DATASET SECTION —
Content starts

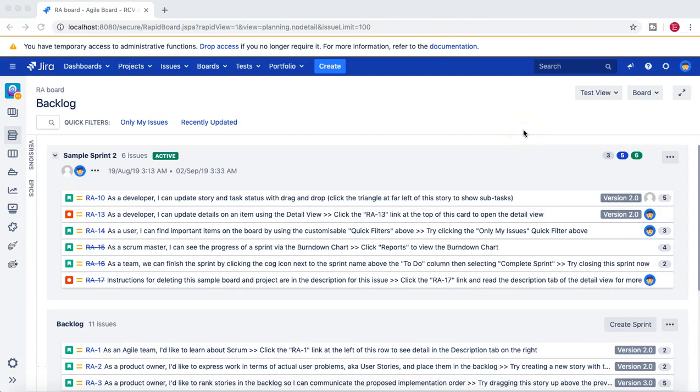Hello guys, welcome to another JIRA administration tutorial. In this tutorial I'm going to talk about the new field config — it's a continuation of the previous tutorial. In the last tutorial we saw how to create the new field config, how to create a scheme, and associate the new field config to the field config scheme.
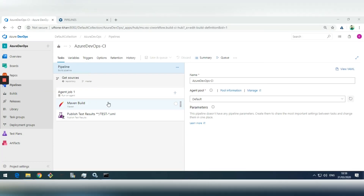Hello everyone. Today I'm going to show you how to integrate an Azure DevOps pipeline into ALM Octane.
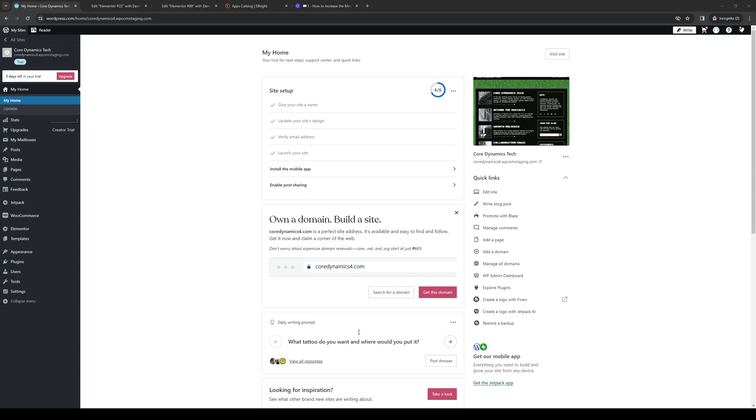Hey everyone and welcome back to the channel. In today's video, I'll be teaching you how to make a container full width within the Elementor Site Builder plugin for your WordPress website from scratch. Without further ado, let's dive right in.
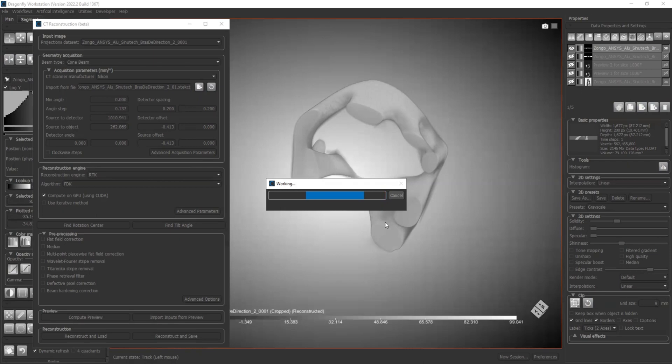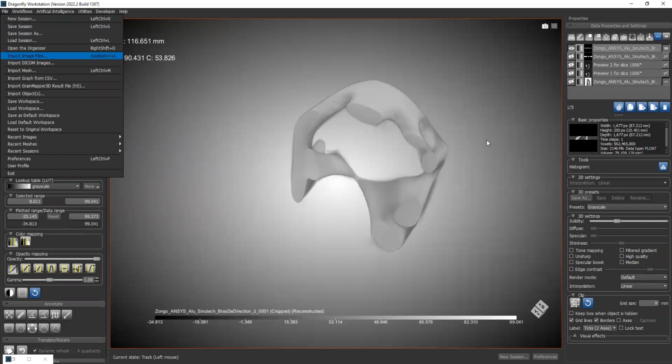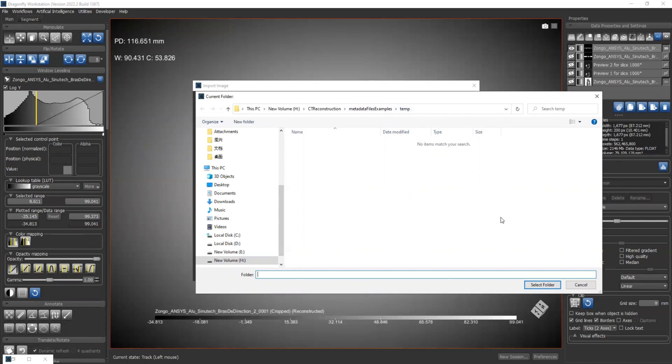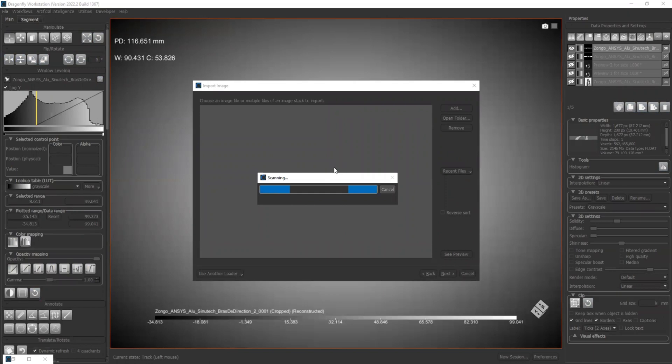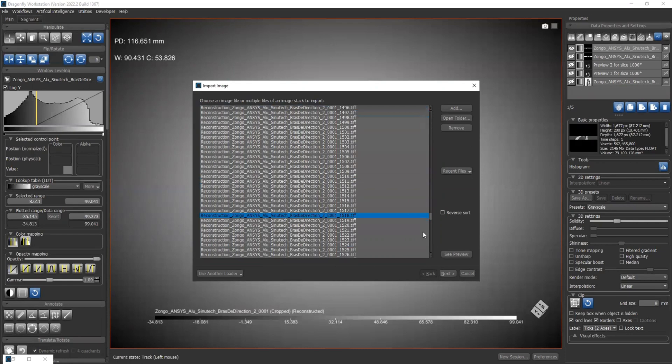And once it's done, we can use the same way as we import the projection files to import those reconstructed images. This may take some time. Okay, the reconstruction was saved. Press okay. Let's try to load it. So we have our reconstruction.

Content ends

REQUIRED ACTION —
Copy exactly, and only, the lines from the line containing "Hey everyone and" through the final line of the material above, with no pictures.

WRITTEN SOLUTION —
Hey everyone and welcome back to the channel. In today's video, I'll be teaching you how to make a container full width within the Elementor Site Builder plugin for your WordPress website from scratch. Without further ado, let's dive right in.
And once it's done, we can use the same way as we import the projection files to import those reconstructed images. This may take some time. Okay, the reconstruction was saved. Press okay. Let's try to load it. So we have our reconstruction.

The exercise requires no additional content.